Furthermore, a steep-gradient approach can make it necessary to use airbrakes and/or spoilers, which increase the approach speed. In such a situation, the aircraft must decelerate between the steep-gradient segment and the threshold of the strip. In practice, the greater the speed is when the wheels touch down, the greater is the length needed to perform the landing. Now, the length of a strip that can be used for the landing is predetermined and limited. In the case of manual piloting, the pilot must therefore, in such a situation, have the aircraft decelerate by successive breaks of the gradient, while progressively retracting the airbrakes and/or the spoilers manually. These breaks of gradient constitute a succession of rectilinear segments, each time presenting a constant pitch-down gradient, gradients that progressively decrease until the landing, that is, until a final gradient normally of the order of 3′. It is therefore necessary, in such a situation, to provide the pilot with the appropriate information enabling him to correctly perform this difficult maneuver.

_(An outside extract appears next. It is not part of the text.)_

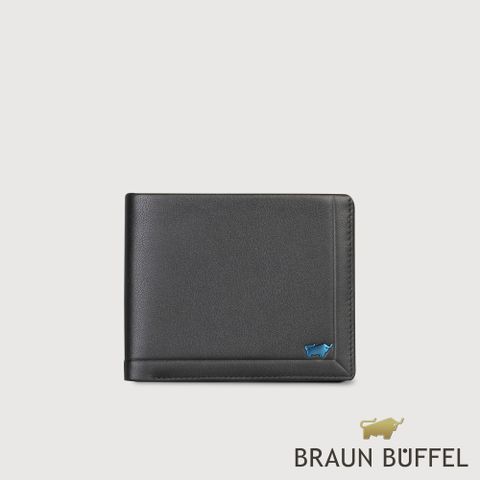 BRAUN BUFFEL 德國小金牛 台灣總代理 戴普 8卡男夾-黑色/BF521-313-BK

Moreover, in a flight at low altitude along a flight path consisting of a succession of rectilinear segments with constant pitch-down or pull-up gradients, in particular when the flight is performed by following a flight director system, the pilot needs to anticipate the various changes of gradient, in order to follow the flight path as effectively as possible, and therefore to keep a sufficient safety margin relative to the ground. In such a situation, there is also an interest in being able to provide the pilot with appropriate information, enabling him to follow the path as effectively as possible.
The present invention relates to a method for assisting in the piloting of an aircraft in a flight along a flight path comprising a plurality of successive rectilinear segments, which makes it possible to provide the pilot of the aircraft with the information needed to pilot said aircraft in said flight.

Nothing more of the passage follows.